**PROBLEM TO SOLVE:**
In the copy, include every record below exactly as it appears, but no pictures.
BEGIN INPUT DATA
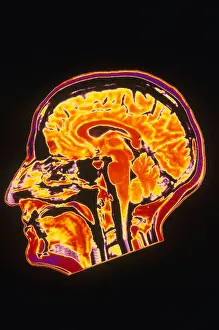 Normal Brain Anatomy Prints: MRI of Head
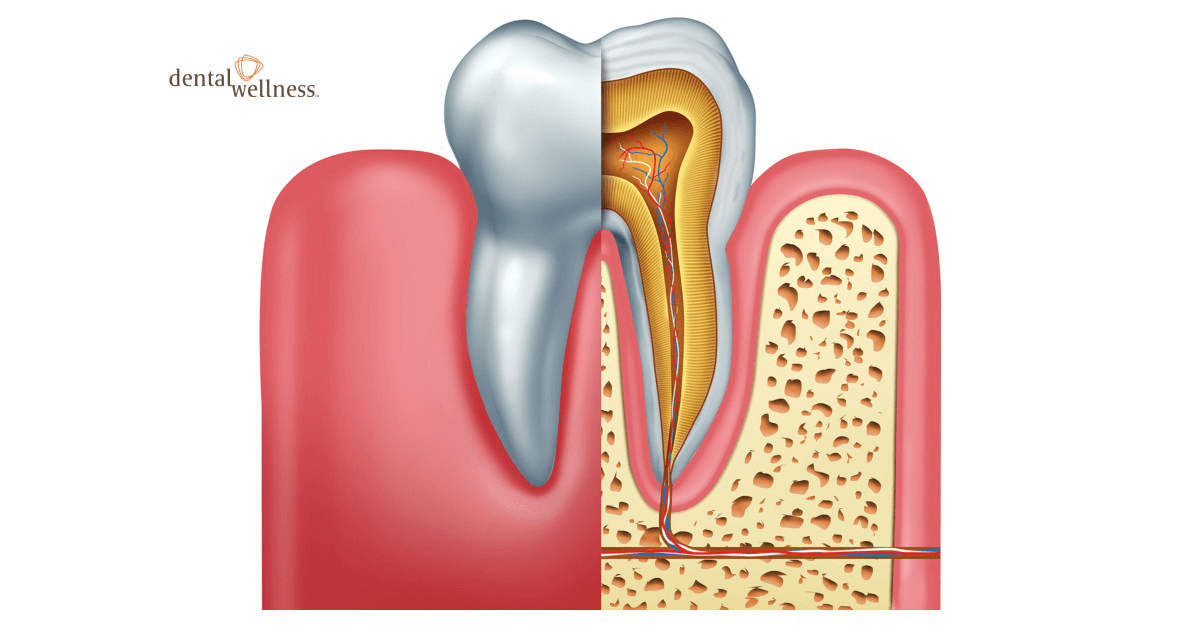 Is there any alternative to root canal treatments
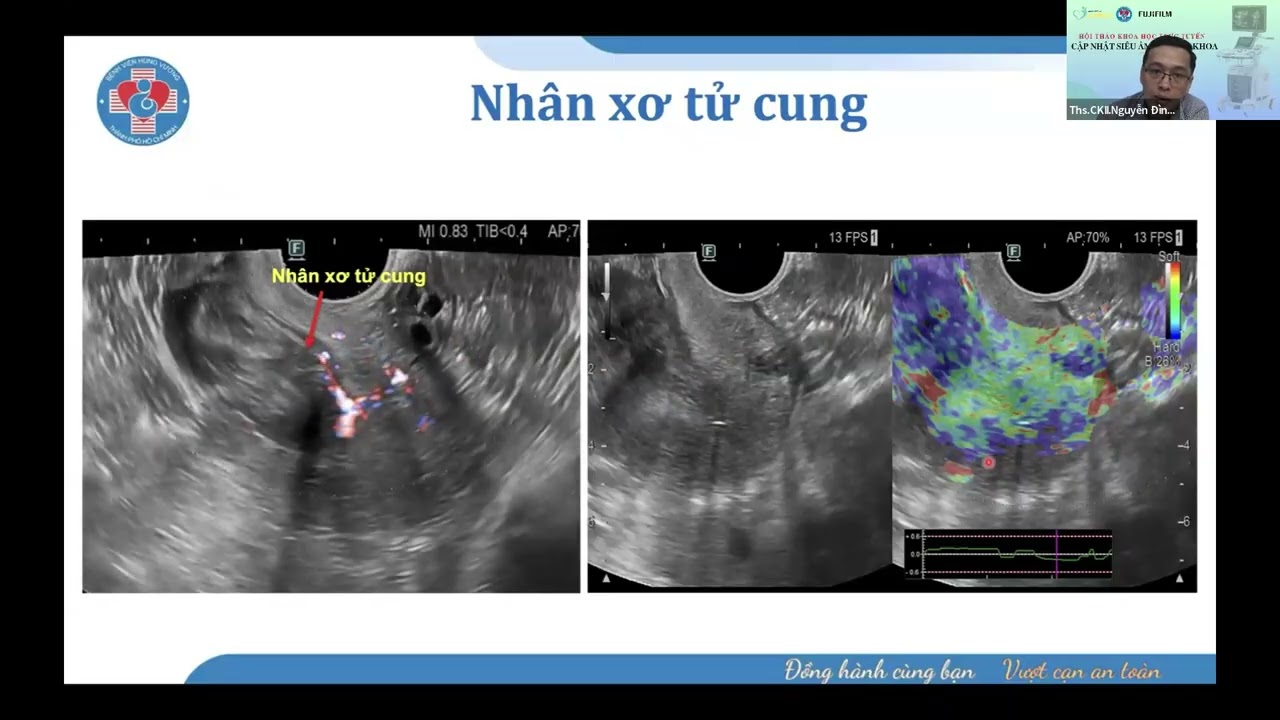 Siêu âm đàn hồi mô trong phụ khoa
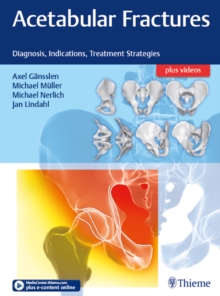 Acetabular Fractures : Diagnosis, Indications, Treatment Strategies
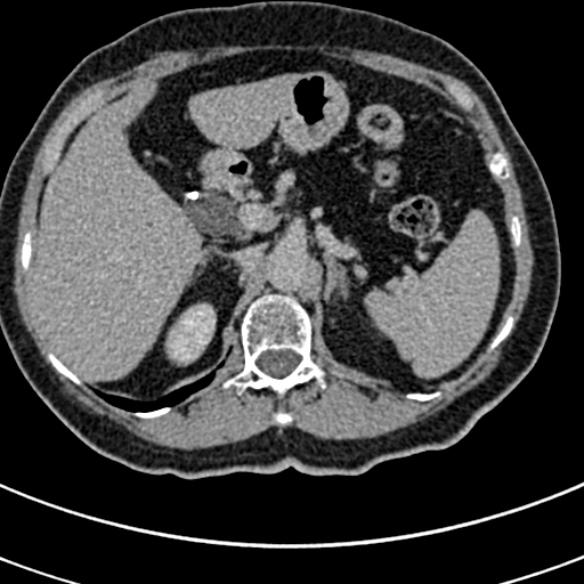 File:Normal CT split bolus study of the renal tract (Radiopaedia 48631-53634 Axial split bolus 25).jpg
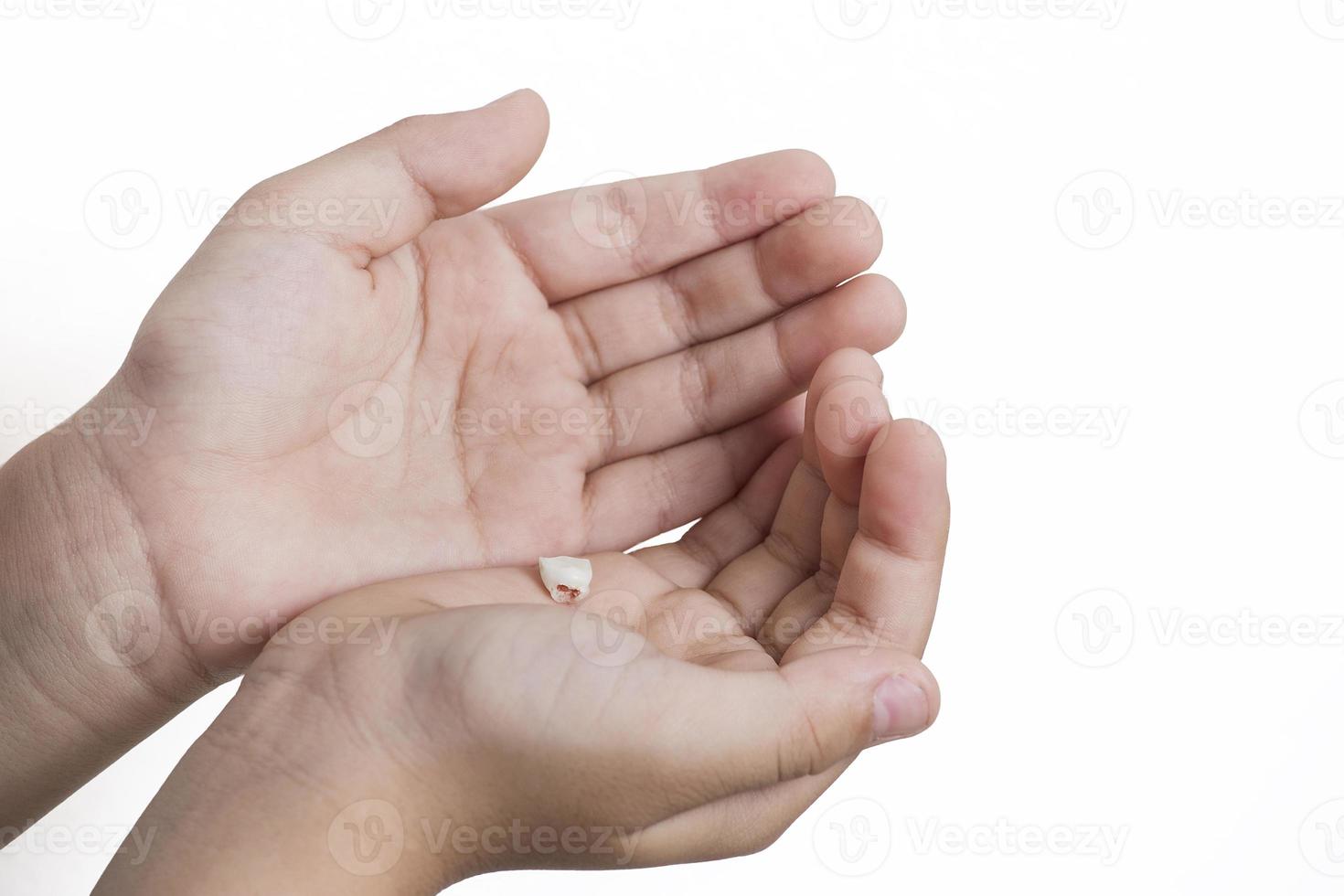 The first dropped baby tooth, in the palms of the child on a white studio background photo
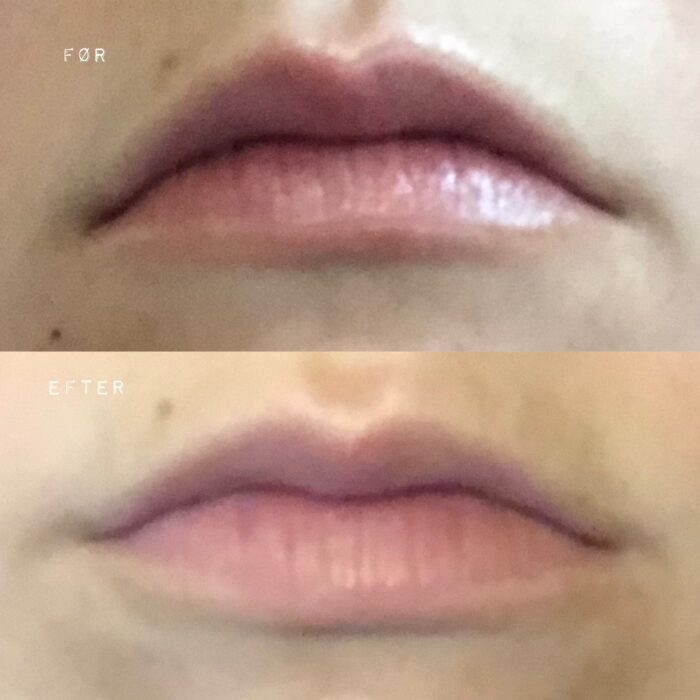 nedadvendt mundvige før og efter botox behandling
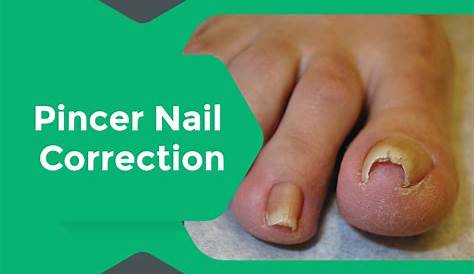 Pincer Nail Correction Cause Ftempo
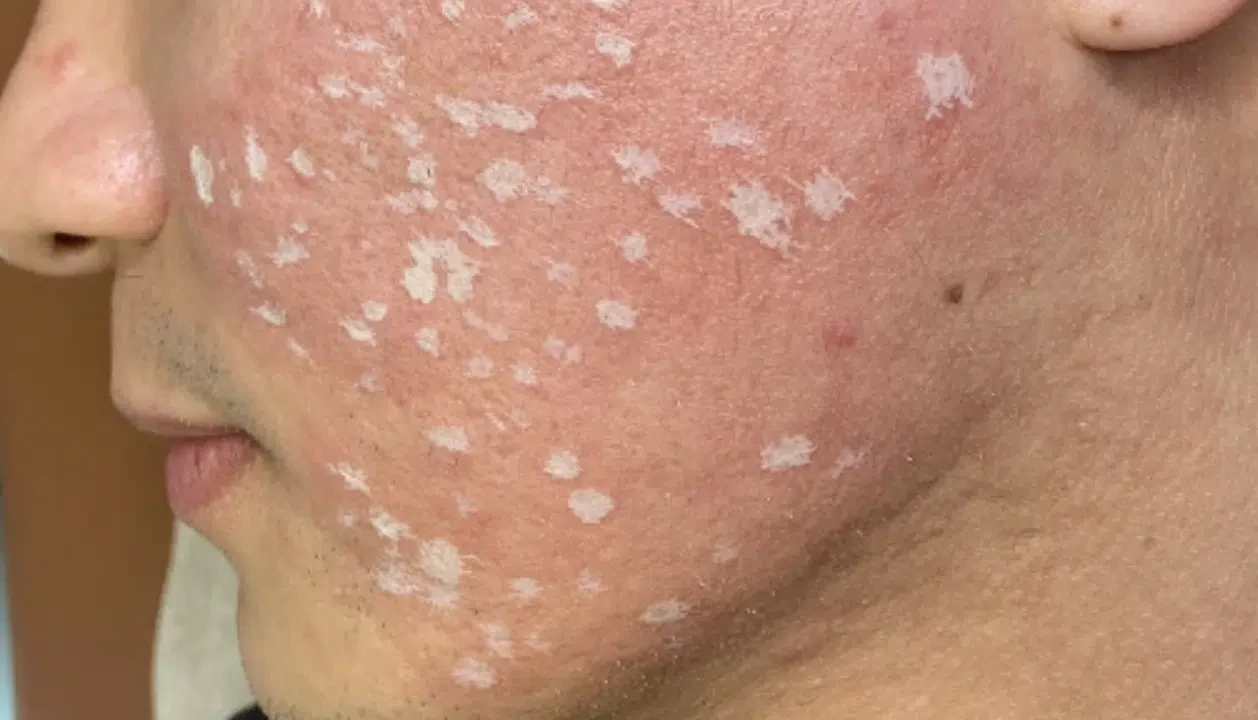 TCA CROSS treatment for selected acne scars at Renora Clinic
END INPUT DATA
**ANSWER SECTION:**
 Normal Brain Anatomy Prints: MRI of Head
 Is there any alternative to root canal treatments
 Siêu âm đàn hồi mô trong phụ khoa
 Acetabular Fractures : Diagnosis, Indications, Treatment Strategies
 File:Normal CT split bolus study of the renal tract (Radiopaedia 48631-53634 Axial split bolus 25).jpg
 The first dropped baby tooth, in the palms of the child on a white studio background photo
 nedadvendt mundvige før og efter botox behandling
 Pincer Nail Correction Cause Ftempo
 TCA CROSS treatment for selected acne scars at Renora Clinic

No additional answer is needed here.